Exercise instructions >>
Beginning at the line containing "Second view of", repeat each line below exactly up to and including the line containing "Legal Experts Review". Do not repeat the pictures.

:: Stored data

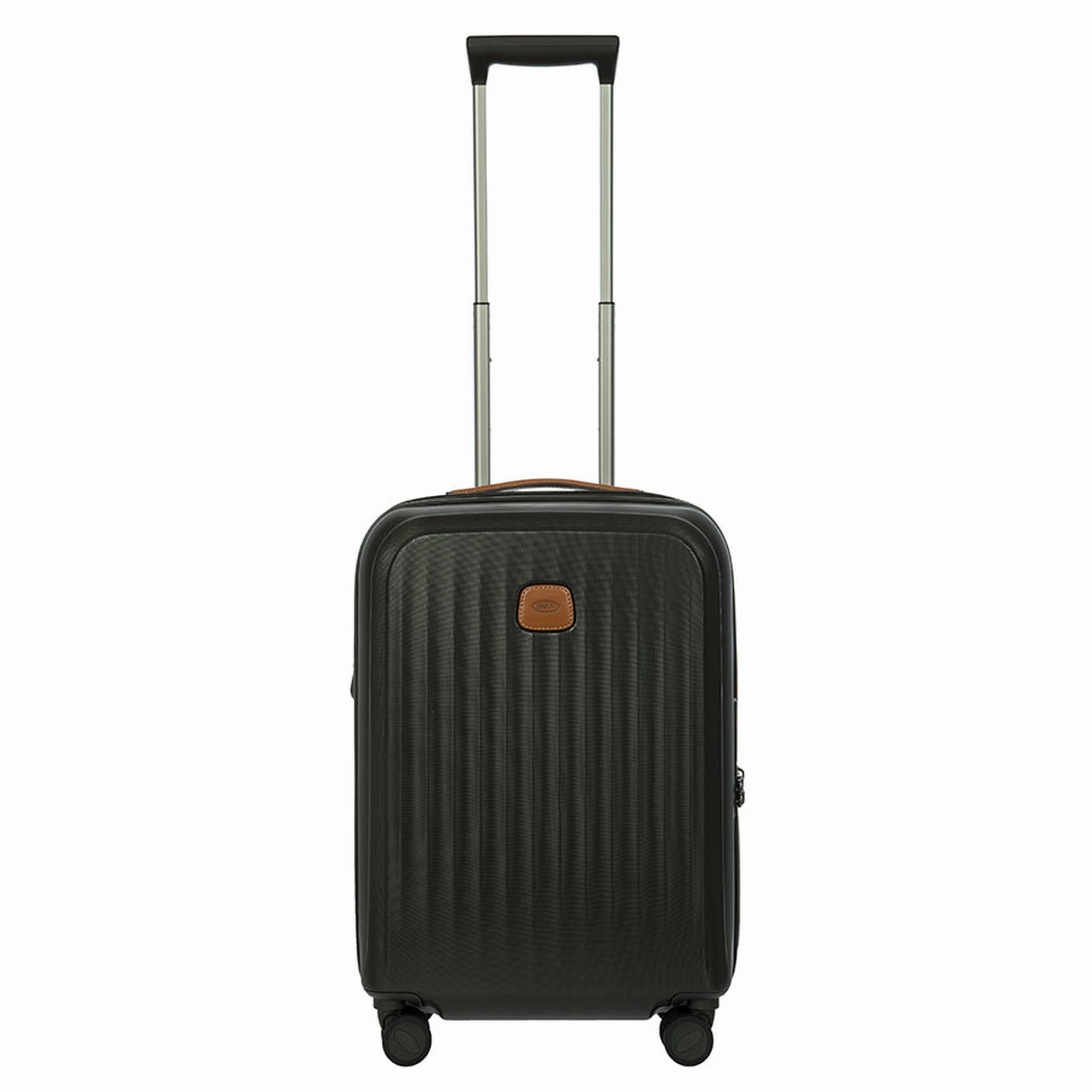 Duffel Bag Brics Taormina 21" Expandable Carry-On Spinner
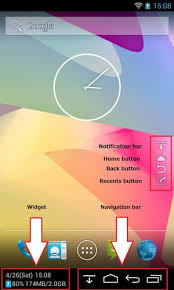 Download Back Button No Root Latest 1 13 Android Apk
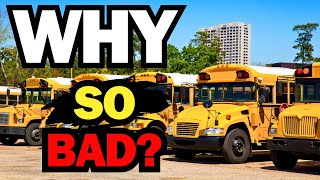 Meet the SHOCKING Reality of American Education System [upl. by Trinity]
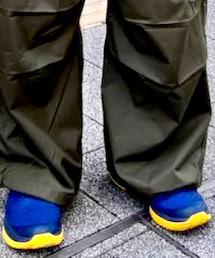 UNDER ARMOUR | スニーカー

::::
:: Stored data

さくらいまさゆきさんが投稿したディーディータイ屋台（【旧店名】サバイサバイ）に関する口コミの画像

::::
:: Stored data

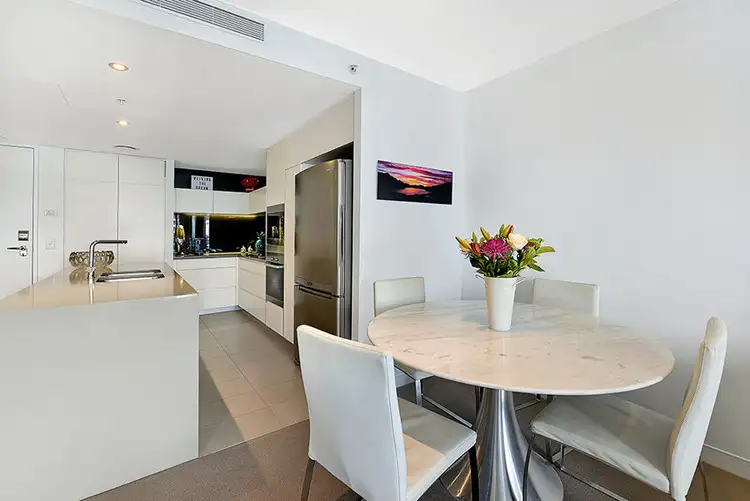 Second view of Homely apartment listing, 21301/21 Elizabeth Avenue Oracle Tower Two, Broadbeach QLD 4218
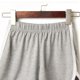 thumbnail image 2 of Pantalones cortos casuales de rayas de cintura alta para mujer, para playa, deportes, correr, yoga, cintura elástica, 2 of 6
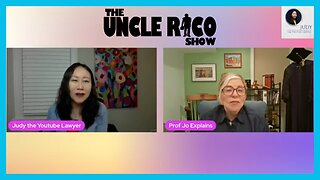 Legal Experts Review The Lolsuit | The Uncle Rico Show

::::

Exercise answer >>
 Second view of Homely apartment listing, 21301/21 Elizabeth Avenue Oracle Tower Two, Broadbeach QLD 4218
 thumbnail image 2 of Pantalones cortos casuales de rayas de cintura alta para mujer, para playa, deportes, correr, yoga, cintura elástica, 2 of 6
 Legal Experts Review The Lolsuit | The Uncle Rico Show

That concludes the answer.